_What you are asked to do_
Return, exactly and with nothing added, the line with "Next is Pharmacology, Pathology, and" together with all lines after it through the end of the data below. No pictures belong in the copy.

[Opening Source data section]

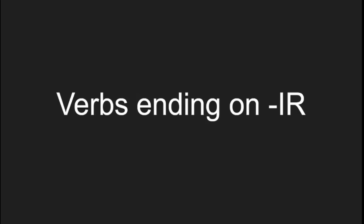In the previous lessons, we already looked at the verbs ending on AR and ER. So, let's take a look at those verbs ending on IR.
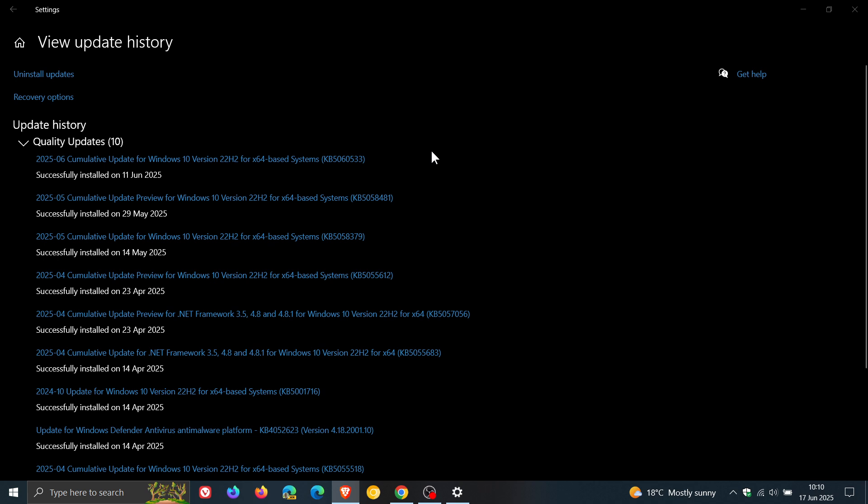Now Microsoft has this officially to say from the change log for the out-of-band update. The update includes fixes and quality improvements that were a part of this update KB5060533, and the out-of-band update prevents Surface Hub v1 devices from encountering a start failure issue.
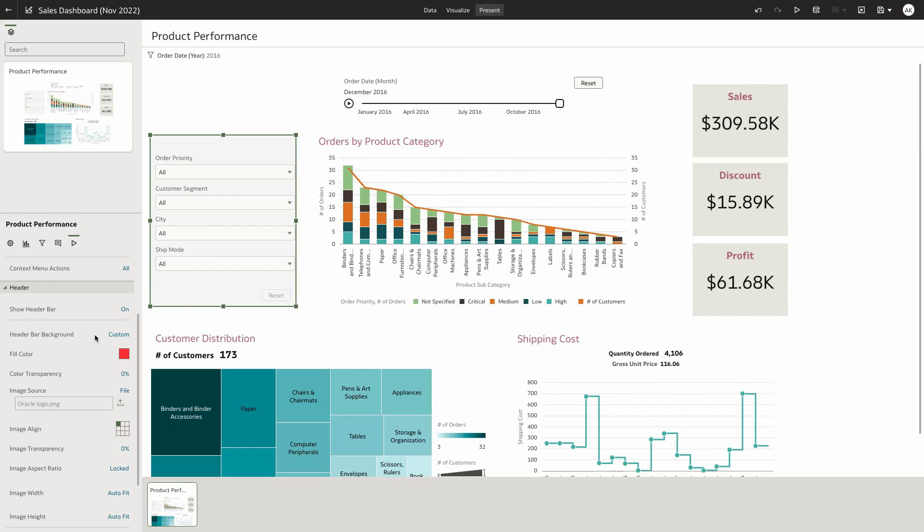This feature allows users to customize header bar and add corporate logos and brand colors to dashboards.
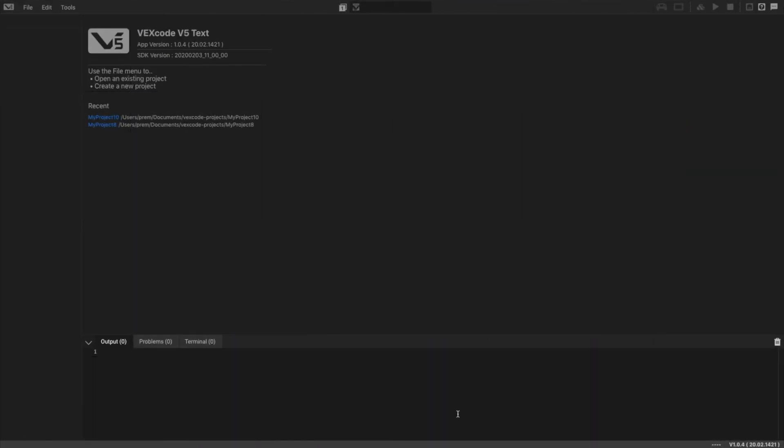Hey everyone, this is Prem from the Franklin High School Robotics team. Today I'm going to show you how to program the VEX V5 controller to drive your robot.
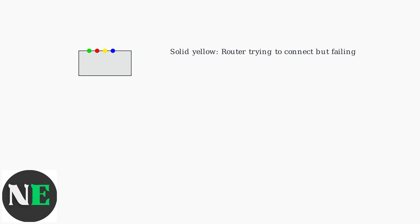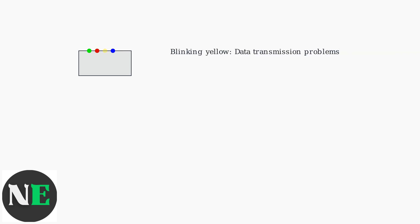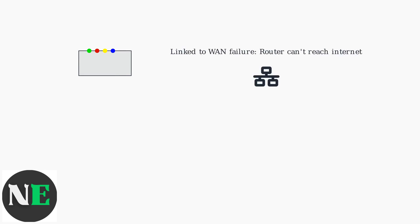A solid yellow light usually means the router is trying to connect but failing, possibly due to a service outage or hardware issue. A blinking yellow light may signal data transmission problems. This is often linked to a WAN, Wide Area Network, failure, meaning your router can't reach the Internet.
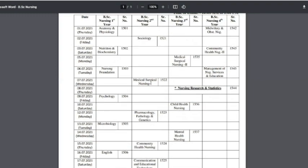Next is Pharmacology, Pathology, and Genetics exam for BSc Nursing 2nd year. On the 13th, Microbiology for BSc Nursing 1st year. On the 14th, the exam will be Mental Health Nursing for BSc Nursing 3rd year. On the 15th, the exam will be Community Health Nursing for BSc Nursing 2nd year.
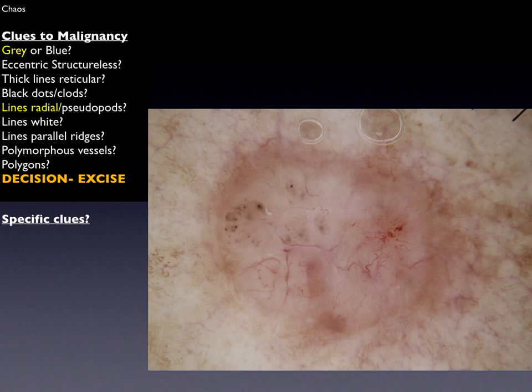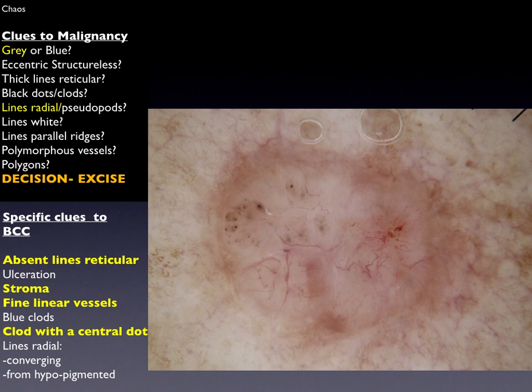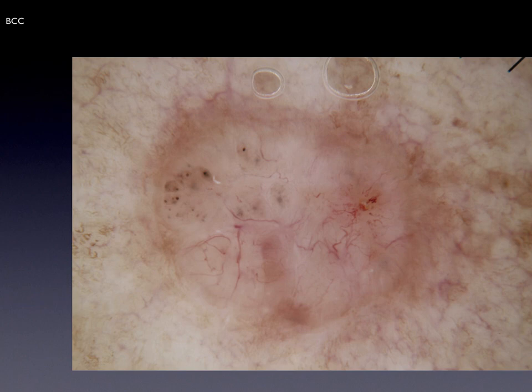The lines radial segmental are extending from the pigmented structures in the top left of the lesion. Looking for specific clues to the diagnosis, we find absent lines reticular, BCC type stroma, clearly different from the surrounding skin, fine linear vessels, and clods with a central dot. These clues are specific to BCC, as well as lines radial converging extending from the clods on the right-hand side of the upper part of the lesion — again pointing specifically to basal cell carcinoma.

[Closing Source data section]

_Exercise result_
Next is Pharmacology, Pathology, and Genetics exam for BSc Nursing 2nd year. On the 13th, Microbiology for BSc Nursing 1st year. On the 14th, the exam will be Mental Health Nursing for BSc Nursing 3rd year. On the 15th, the exam will be Community Health Nursing for BSc Nursing 2nd year.
The lines radial segmental are extending from the pigmented structures in the top left of the lesion. Looking for specific clues to the diagnosis, we find absent lines reticular, BCC type stroma, clearly different from the surrounding skin, fine linear vessels, and clods with a central dot. These clues are specific to BCC, as well as lines radial converging extending from the clods on the right-hand side of the upper part of the lesion — again pointing specifically to basal cell carcinoma.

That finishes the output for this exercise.